The Pharaoh’s cook has made three trips to the market. On each trip he made, he bought a different combination of fruit, and paid the number of coins shown below. The price of each fruit did not change. What is the total cost of an apple, an orange, and a pear?
Looks like a straightforward algebra problem to me (maybe I’m just not getting the “riddle”). Since the cost of each fruit does not change, a system of equations could do this…
Assume x is cost of apples in coins, y is cost of oranges, z is cost of pears. Given the diagram then
3x + 4y + 5z = 97 coins
5x + 3y + 4z = 89 coins
4x + 5y + 3z = 90 coins
Solving for x, y, and z should get
x = 5, y = 8, z = 10
So one apple costs 5 coins, one orange cost 8 coins, and one pear costs 10 coins.
Did I miss the point of the riddle?
It’s a system of equations. I’ll give you a hint to help you solve it on your own, if you’d like:
Write it out like this:
3x + 4y + 5z = 97
5x + 3y + 4z = 89
4x + 5y + 3z = 90
Then use any of several algebraic methods for solving systems of equations (use Google of you can’t remember high school algebra ;)) to solve for x, y and z.
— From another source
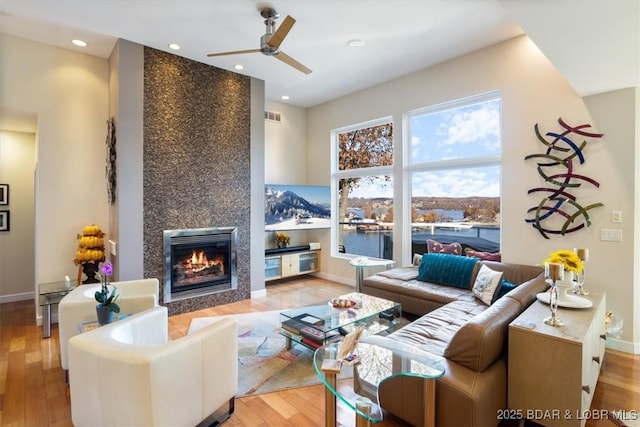 living area with a fireplace, light wood finished floors, visible vents, ceiling fan, and baseboards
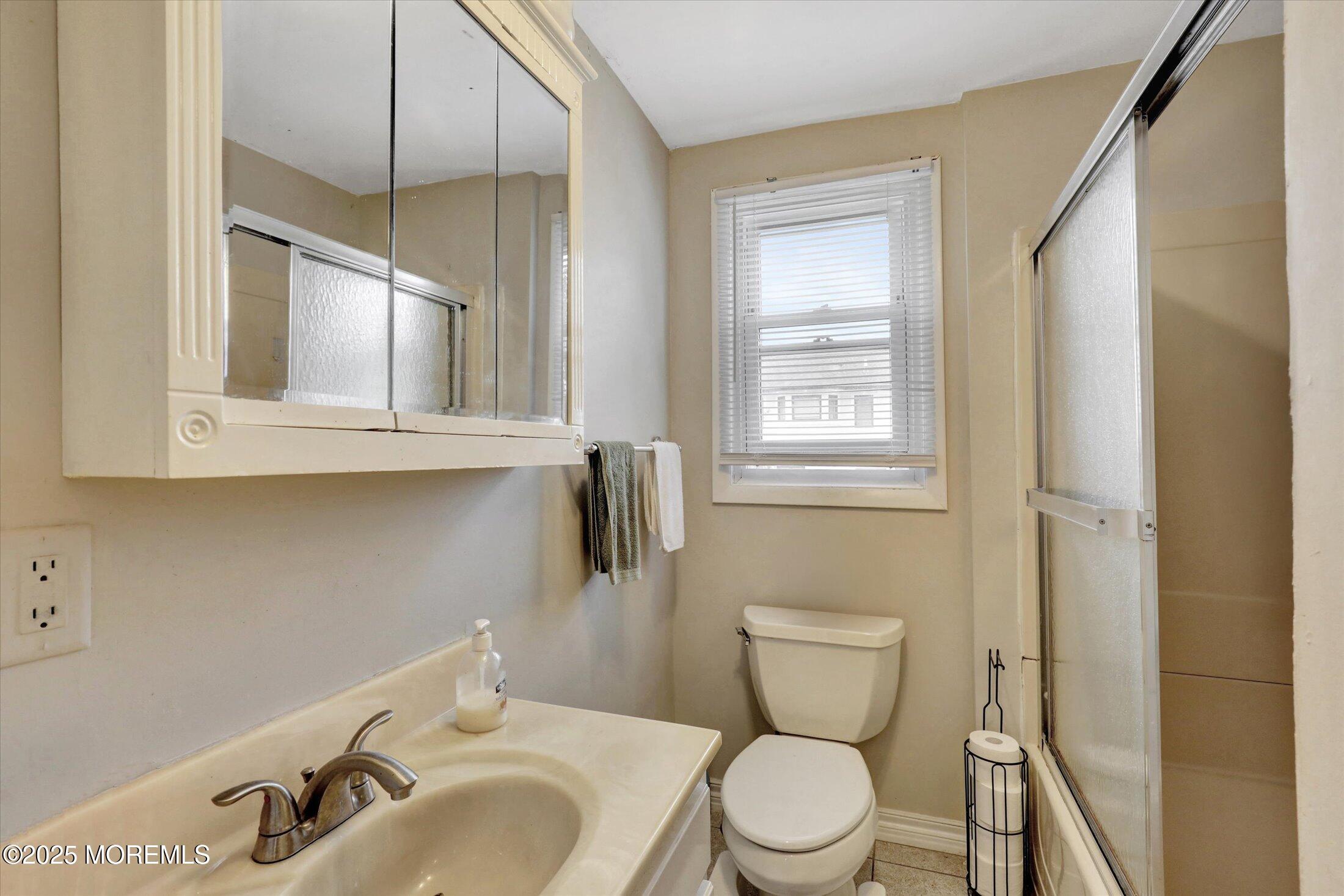 24 Berger Avenue Oakhurst, NJ 07755 - Photo 28 of 49 a bathroom with a toilet sink and mirror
Good luck!
Or if you dislike multiple-equation algebra as much as I do, you can solve for one variable (generally z), and graph the three on a graphing calculator. These three lines, if done properly, will cross at (5,8,10) - who would have thunk it? 
Do we know that all the coins are worth the same amount? Could be combinations of quarters, dimes and nickels. Of course this would make the problem impossible.
My Casio 985o-Ga Plus will solve them through direct-entry. Of my 8 scientific calculators, this is perhaps my favorite.
Pssst! The hero of the “riddle” was a pharaoh’s cook – the dollar wasn’t about to become popular for <mumble-mumble> millenia.